Upon reading the above sentences, I immediately saw a simple algebra problem. In mathematical terms, the first two sentences could be expressed as:
a + b = 1.10 (1)

a - b = 1.00 (2)
In the above equations, a represents the bat and b the ball. I didn't bother with the equations, and didn't need to, anyway, to see that the "popular" answer of ten cents (which the problem statement might suggest to someone in a hurry) was wrong. Such a price would lead to a contradiction between (1) the total price of the two items and (2) the stated difference in the price between the two. A price of one dime for a ball would mean that the bat would have to be worth (1) $1.00 and (2) $1.10 at the same time.
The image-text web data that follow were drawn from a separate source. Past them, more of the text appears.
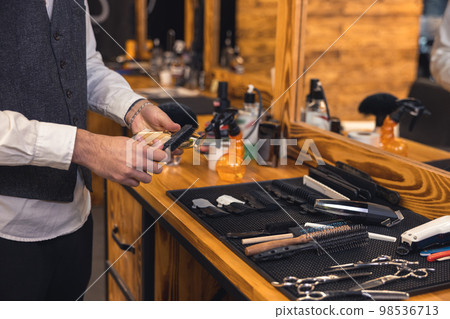 Barber with hairdressing tools an the barbershop 98536713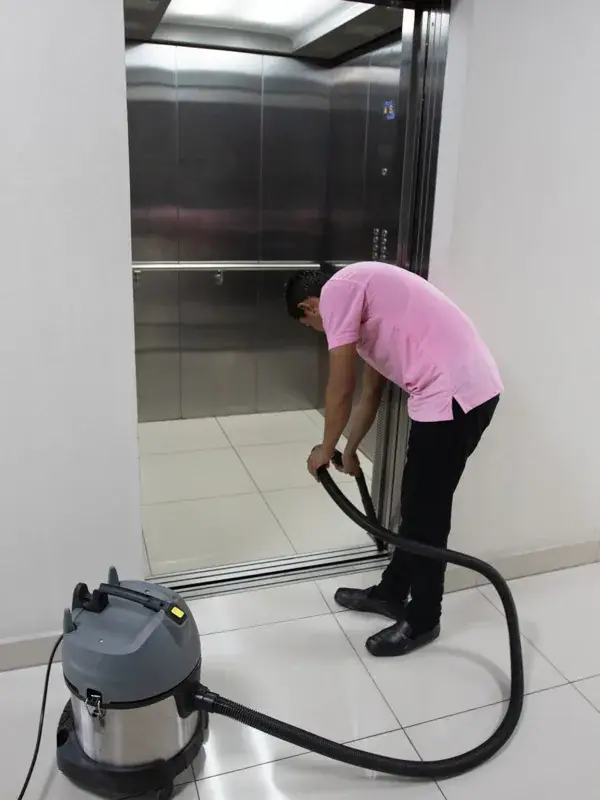 Limpieza de edificios: colaborador de LIMPSA aspirando el piso de un elevador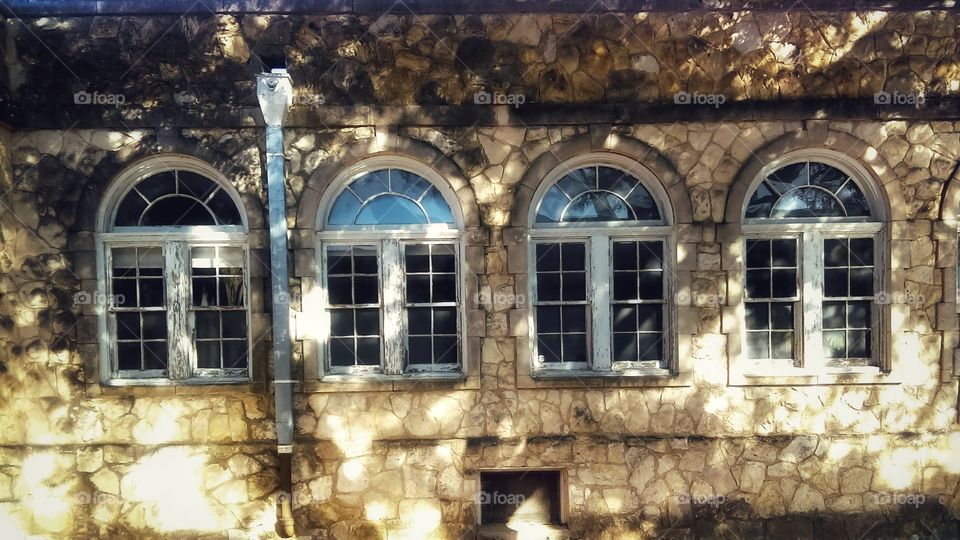 Old windows and limestone wall
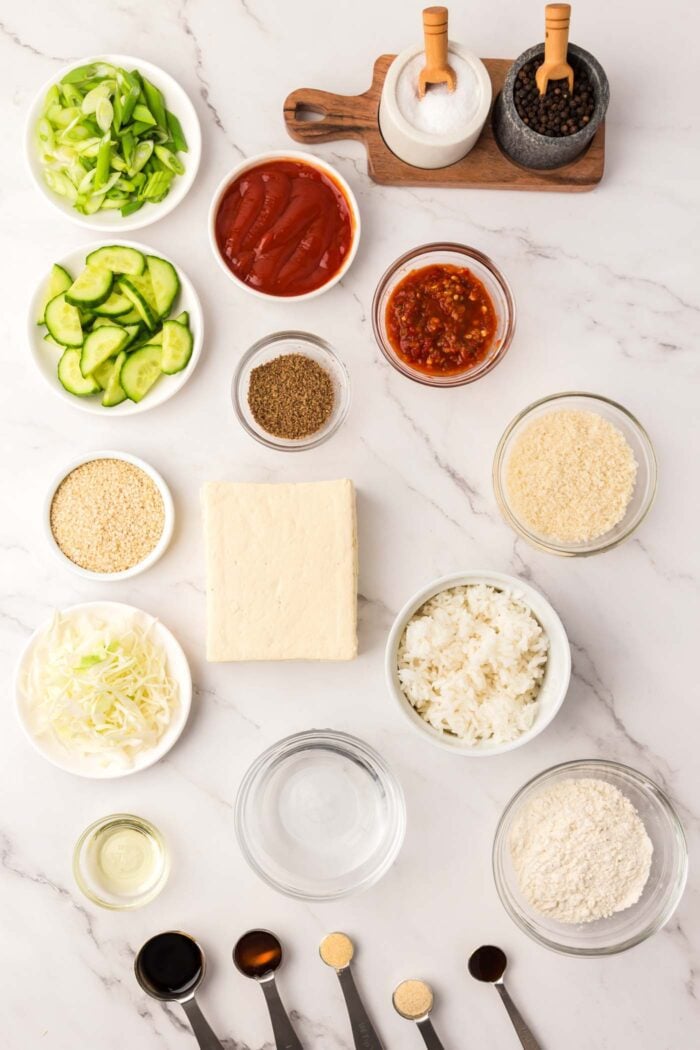 Various ingredients for making a tofu katsu recipe with rice, cabbage, cucumber and tonkatsu sauce. Each ingredient is in a small dish.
The article goes on to note the following:
And here's the upsetting punch line: intelligence seems to make things worse. The scientists gave the students four measures of "cognitive sophistication." As they report in the paper, all four of the measures showed positive correlations, "indicating that more cognitively sophisticated participants showed larger bias blind spots." This trend held for many of the specific biases, indicating that smarter people (at least as measured by S.A.T. scores) and those more likely to engage in deliberation were slightly more vulnerable to common mental mistakes. Education also isn't a savior; as Kahneman and Shane Frederick first noted many years ago, more than fifty per cent of students at Harvard, Princeton, and M.I.T. gave the incorrect answer to the bat-and-ball question.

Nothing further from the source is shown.